Die Norm ISO-9241-210 beschreibt den Gestaltungsprozess von Bedienkonzepten von der Analyse über die Gestaltung und erfahrbarer Umsetzung bis zum Test. (Bild: UID User Interface Design GmbH)
Im Gegensatz zu Multi-Purpose-Geräten wie Laptops und Smartphones sind Embedded Systems auf ein bestimmtes Anwendungsgebiet spezialisiert. Eingabegeräte wie Maus und Tastatur fehlen hier – stattdessen stehen Tasten, Drehschalter oder technologisch eingeschränkte Touchscreens als Kommunikationsmittel bereit. Aufgrund der längeren Lebensdauer von Produktlinien in der Industrie gilt es, lange Lieferzeiten der in Frage kommenden Komponenten zu garantieren. Dies schränkt die Auswahl ein. Aus wirtschaftlichen Gründen müssen Designer im Vergleich zu PC-Software oder Smartphone-Apps mit kleineren Bildschirmen, geringer Prozessorleistung, fehlenden Grafikchips und begrenzter Speicherkapazität auskommen. Anwendern werden damit aber auch weniger Informationen über im Verhältnis komplexere Aufgaben auf einen Blick präsentiert.
Resistive – statt bei Smartphones übliche kapazitive Touchscreens – erlauben kein flüssiges Scrollen oder komplexe Gesten mit mehreren Fingern. Eventuell muss das Gerät mit einer geringen Zahl an Tasten und Reglern statt einem Touchscreen oder einer Maus bedient werden. Animationen sind nicht oder nur in sehr reduzierter Form umsetzbar. Grafiken müssen mit weniger Farben und geringer Pixeldichte auskommen.
Bei der TPS/i-Serie von Fronius sind in den Menüs im Hauptbereich des Layouts Schaltflächen zum Blättern vorgesehen. (Bild: Fronius International GmbH)

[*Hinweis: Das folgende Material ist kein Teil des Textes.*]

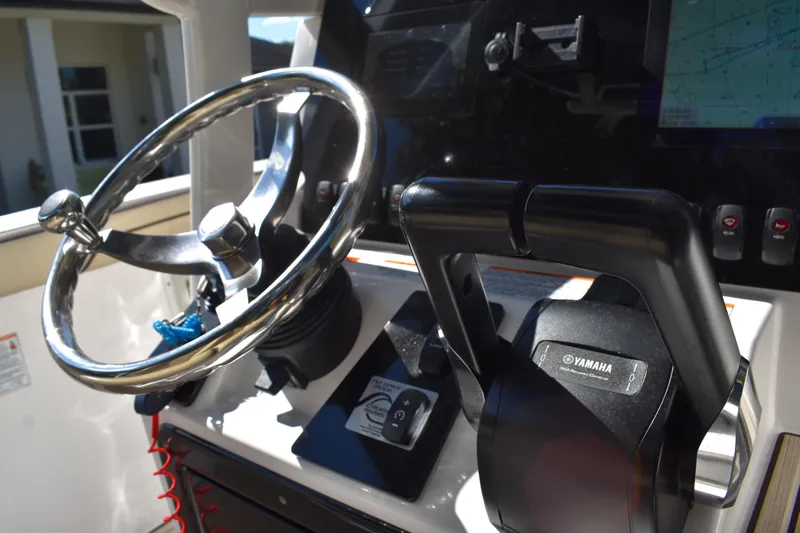 Slide: The Image of Dashboard display of 2023 Yamaha Boats 252 FSH Sport showing engine hours and speed. - 17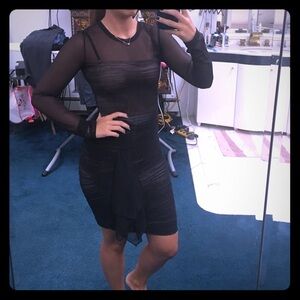 Sexy mesh and ruched BCBG cocktail dress.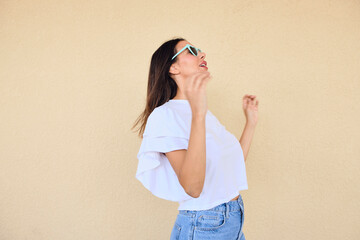 happy young woman posing in a fun way with heart shaped sunglasses 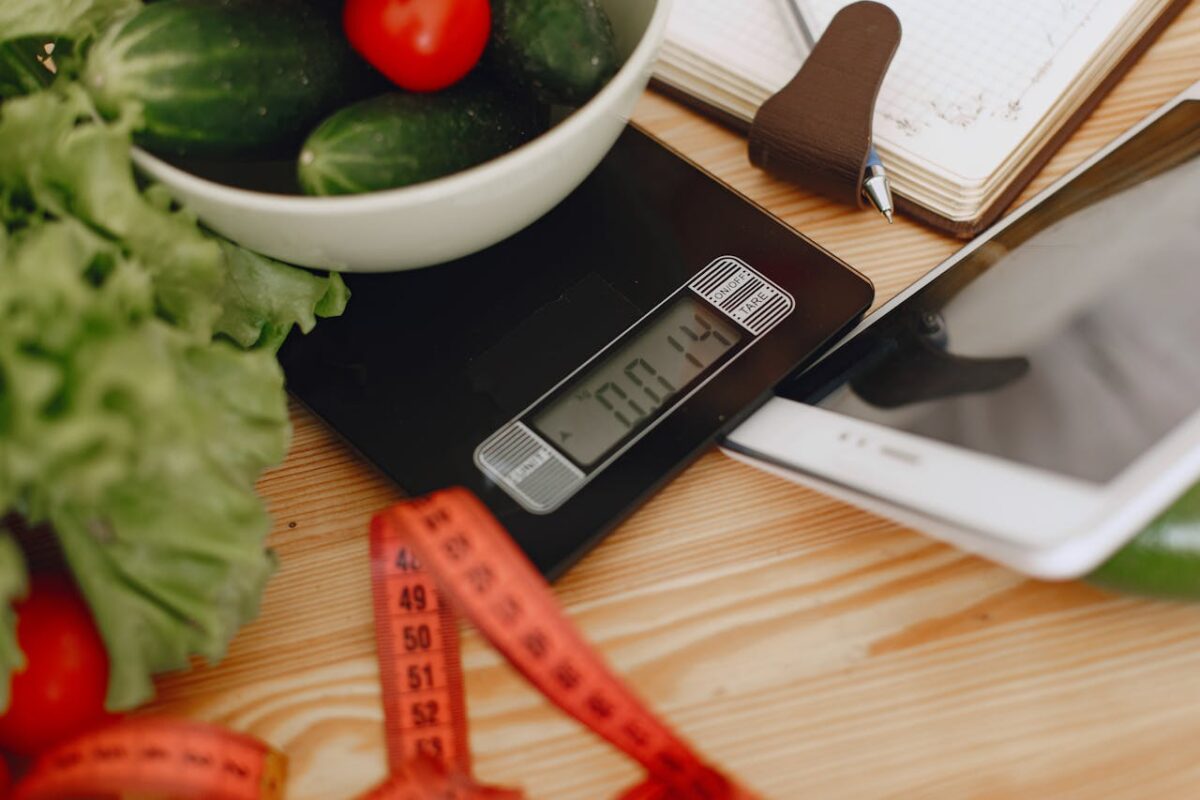 mission-img A bowl of fresh vegetables on a kitchen scale with measurement tools, depicting a healthy lifestyle.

Gestaltung trotz veränderbarer Hardware
Doch leistungsfähige Grafikdisplays, kapazitive Touchscreens und intelligente Umfeld-Sensoren halten mehr und mehr Einzug. Jedoch ist am Anfang des Gestaltungsprozesses nie sicher, welche Hardware gegeben ist, da die Definition der Hardware und die Suche nach geeigneten Komponenten Teil des Gestaltungsprozesses ist. Jede Verbesserung der Hardware, die bestimmte Designs erst möglich macht, erhöht gleichzeitig den knapp kalkulierten Stückpreis. Dann sind Kosten- und Qualitätssteigerung gegeneinander abzuwägen – und erfordern eventuell Anpassungen im Projektverlauf. Technische Voraussetzungen sowie Kostengrenzen und die gewünschte Qualität beeinflussen somit die Gestaltung von Embedded Systems. Das steigert den Bedarf an einer systematischen Vorgehensweise bei der Gestaltung. Um eine gute Usability und eine außergewöhnliche User Experience zu gewährleisten, ist zusätzlich die Berücksichtigung der Nutzeranforderungen unabdingbar. Mit dem benutzerzentrierten Gestaltungsprozess (UCD) steht ein systematisches Vorgehen bereit, um diese in den Gestaltungsprozess einfließen zu lassen.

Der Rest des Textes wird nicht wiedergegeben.